Work to complete
Look below for the line containing "Concept Cafe Coffee PowerPoint Template"; from there through the line containing "Krzesło biurowe obrotowe", both lines included, please set down each line exactly and nothing else.

Exercise inputs
__________
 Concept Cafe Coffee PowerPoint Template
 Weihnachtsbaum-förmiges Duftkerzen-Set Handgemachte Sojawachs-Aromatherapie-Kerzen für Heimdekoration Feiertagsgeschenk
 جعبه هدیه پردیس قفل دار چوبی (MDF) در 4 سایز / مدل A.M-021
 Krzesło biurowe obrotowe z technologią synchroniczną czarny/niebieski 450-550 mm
__________
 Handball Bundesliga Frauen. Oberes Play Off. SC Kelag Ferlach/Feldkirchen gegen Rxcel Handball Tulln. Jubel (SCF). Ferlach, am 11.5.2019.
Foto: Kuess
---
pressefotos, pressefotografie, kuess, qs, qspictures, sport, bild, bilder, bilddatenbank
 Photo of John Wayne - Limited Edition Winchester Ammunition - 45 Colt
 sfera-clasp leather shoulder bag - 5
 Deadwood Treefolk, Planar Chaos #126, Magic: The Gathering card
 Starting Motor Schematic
__________
Expected answer
 Concept Cafe Coffee PowerPoint Template
 Weihnachtsbaum-förmiges Duftkerzen-Set Handgemachte Sojawachs-Aromatherapie-Kerzen für Heimdekoration Feiertagsgeschenk
 جعبه هدیه پردیس قفل دار چوبی (MDF) در 4 سایز / مدل A.M-021
 Krzesło biurowe obrotowe z technologią synchroniczną czarny/niebieski 450-550 mm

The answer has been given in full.